Они молча перешли мост и свернули на набережную. Через несколько
минут Джемма снова заговорила:
- Какой красивый голос у этого человека! В нем есть то, чего нет ни
в каком другом человеческом голосе. В этом, я думаю, секрет его
обаяния.
- Да, голос чудесный, - подхватил Мартини, пользуясь возможностью
отвлечь ее от страшных воспоминаний, навеянных видом реки. - Да и
помимо голоса, это лучший из всех проповедников, каких мне приходилось
слышать. Но я думаю, что секрет обаяния Монтанелли кроется глубже: в
безупречной жизни, так отличающей его от остальных сановников церкви.

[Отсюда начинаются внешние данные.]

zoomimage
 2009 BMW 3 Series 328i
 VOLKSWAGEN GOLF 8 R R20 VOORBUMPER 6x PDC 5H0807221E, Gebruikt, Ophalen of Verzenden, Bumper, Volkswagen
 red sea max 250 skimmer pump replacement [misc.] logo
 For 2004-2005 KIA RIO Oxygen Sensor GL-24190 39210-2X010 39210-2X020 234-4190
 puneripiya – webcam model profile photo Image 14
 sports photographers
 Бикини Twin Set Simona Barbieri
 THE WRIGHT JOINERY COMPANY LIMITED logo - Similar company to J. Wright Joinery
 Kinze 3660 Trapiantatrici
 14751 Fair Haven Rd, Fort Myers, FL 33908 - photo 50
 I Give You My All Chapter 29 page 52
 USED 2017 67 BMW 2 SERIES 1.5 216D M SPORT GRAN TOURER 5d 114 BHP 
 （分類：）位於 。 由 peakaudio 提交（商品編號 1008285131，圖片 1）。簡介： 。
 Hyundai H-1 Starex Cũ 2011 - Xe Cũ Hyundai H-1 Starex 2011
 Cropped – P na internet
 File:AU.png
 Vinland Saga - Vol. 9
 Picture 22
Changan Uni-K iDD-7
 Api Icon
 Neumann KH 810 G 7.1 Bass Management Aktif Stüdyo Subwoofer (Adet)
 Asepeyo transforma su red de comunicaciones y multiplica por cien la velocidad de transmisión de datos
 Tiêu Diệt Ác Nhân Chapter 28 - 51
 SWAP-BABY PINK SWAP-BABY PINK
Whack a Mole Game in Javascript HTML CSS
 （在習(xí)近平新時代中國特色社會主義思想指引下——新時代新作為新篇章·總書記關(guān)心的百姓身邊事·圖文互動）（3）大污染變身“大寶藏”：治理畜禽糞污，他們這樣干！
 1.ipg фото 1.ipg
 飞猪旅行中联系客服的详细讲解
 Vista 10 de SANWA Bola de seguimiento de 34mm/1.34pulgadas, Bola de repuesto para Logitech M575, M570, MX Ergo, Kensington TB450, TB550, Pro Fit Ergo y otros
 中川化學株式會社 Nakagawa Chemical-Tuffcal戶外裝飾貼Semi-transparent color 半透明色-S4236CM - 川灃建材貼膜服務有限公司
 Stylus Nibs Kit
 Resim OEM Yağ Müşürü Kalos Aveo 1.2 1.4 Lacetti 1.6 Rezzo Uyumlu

Едва ли кто укажет другое высокое духовное лицо во всей Италии, кроме
разве самого папы, с такой незапятнанной репутацией. Помню, в прошлом
году, когда я ездил в Романью, мне пришлось побывать в епархии
Монтанелли, и я видел, как суровые горцы ожидали его под дождем, чтобы
только взглянуть на него или коснуться его одежды. Они чтут Монтанелли
почти как святого, а это очень много значит: ведь в Романье ненавидят
всех, кто носит сутану. Я сказал одному старику крестьянину,
типичнейшему контрабандисту, что народ, как видно, очень предан своему
епископу, и он мне ответил: "Попов мы не любим, все они лгуны. Мы
любим монсеньера Монтанелли. Он не лжет нам, и он справедлив".
- Любопытно, - сказала Джемма, скорее размышляя вслух, чем
обращаясь к Мартини, - известно ли ему, что о нем думают в народе?
- Наверно, известно. А вы полагаете, что это неправда?
- Да, неправда.
- Откуда вы знаете?
- Он сам мне сказал.
- Он? Монтанелли? Джемма, когда это было?